In 2024, housing inventory is forecast to rise; mortgage rates are anticipated to decline; and home prices are expected to stabilize, leading to improved affordability for home buyers and increased home sales.

Meanwhile, the mortgage industry is still playing catch up on the technology required to meet increased demand efficiently. While the industry has made great strides in adopting automation, it is still catching up with other sectors in harnessing technology for innovation, productivity and cost reduction.

Artificial intelligence (AI) has emerged as a pivotal player. The mortgage industry is at a juncture where it is evaluating how best to apply AI in a highly regulated market. Lenders are keen on understanding how to leverage AI to drive results, enhance efficiency and foster innovation. 

The question arises: Are lenders looking to embrace AI, or are they hesitant?

The prevailing sentiment is that AI is here to stay, and every player in the industry must determine how to effectively leverage it. The competitive nature of the market demands the strategic use of AI for gaining an edge.

However, the lack of clear regulatory guidelines creates a quandary. Finding a delicate balance between regulations and innovation will likely be a focal point in the industry’s discussions and decisions in 2024.

In 2023, the industry witnessed a phase of exploration and experimentation with AI technologies. This year, lenders should expect to see AI becoming more mainstream.

At our firm, we evaluate – and run proof-of-concept studies on – the application of AI. Our Touchless lending platform, particularly in collateral analysis, is an area where we are leveraging AI to address challenges such as appraisal bias. This is expected to intensify in 2024 and beyond. 

The high costs associated with originating mortgages remain a pressing concern. As the industry emerges from recent challenges, lenders are keen on evaluating how to position themselves advantageously in the market.

With mortgage rates projected to stabilize around 6%, there is a renewed focus on cost reduction.
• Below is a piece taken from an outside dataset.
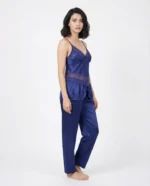 Women's Satin Lace Pajama Set | Luxury Cami & Pants Sleepwear - Image 6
Technology, especially AI engines, will play a pivotal role in streamlining the origination and servicing of mortgages. The industry is poised to shift towards greater innovation, leveraging technology to drive both efficiency and growth.
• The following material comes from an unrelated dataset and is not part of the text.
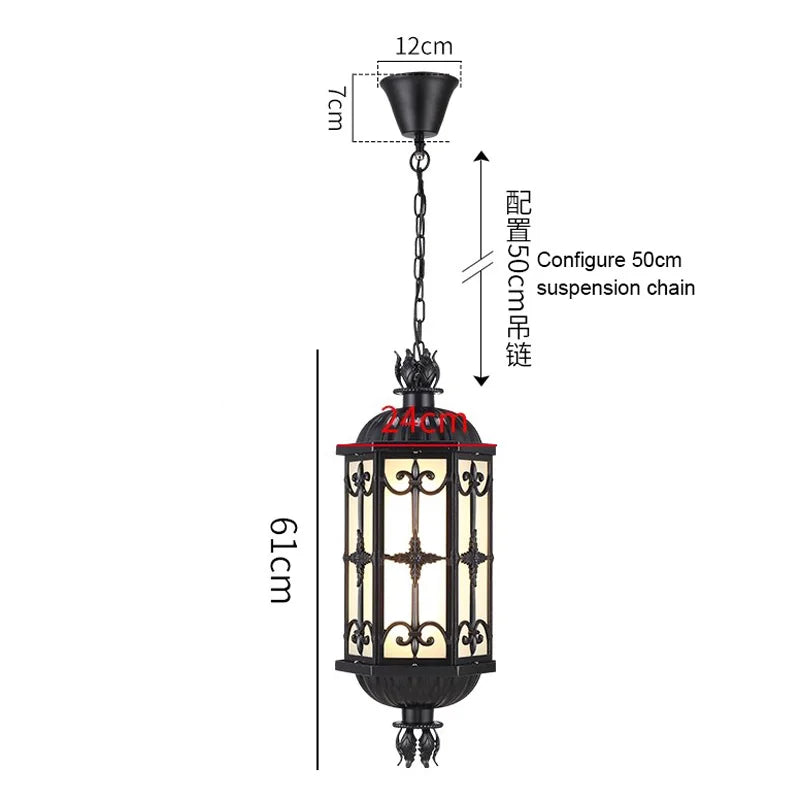 Aurélie Outdoor European Pendant Light IP55 Garden Lamp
While the course direction of the industry is positive, challenges persist for new homebuyers. The difficulty in accessing homes is compounded by local regulations that hinder the broad-scale construction of homes. Collaboration with national builders reveals that regulatory hurdles impede progress. Addressing these challenges and increasing inventory will be crucial for a more inclusive and robust housing market.

Entering 2024, the convergence of stabilizing mortgage rates, increasing inventory and maturing technology sets the stage for an intriguing year. The focus on leveraging technology for market positioning and customer service is evident among leading lenders. The industry’s ability to navigate the delicate balance between innovation and compliance will be a defining factor in its success.

This year holds promise for the mortgage and lending industries. The strategic integration of AI, a renewed emphasis on innovation and a commitment to addressing challenges in homeownership position the industry for growth and resilience in the years ahead. 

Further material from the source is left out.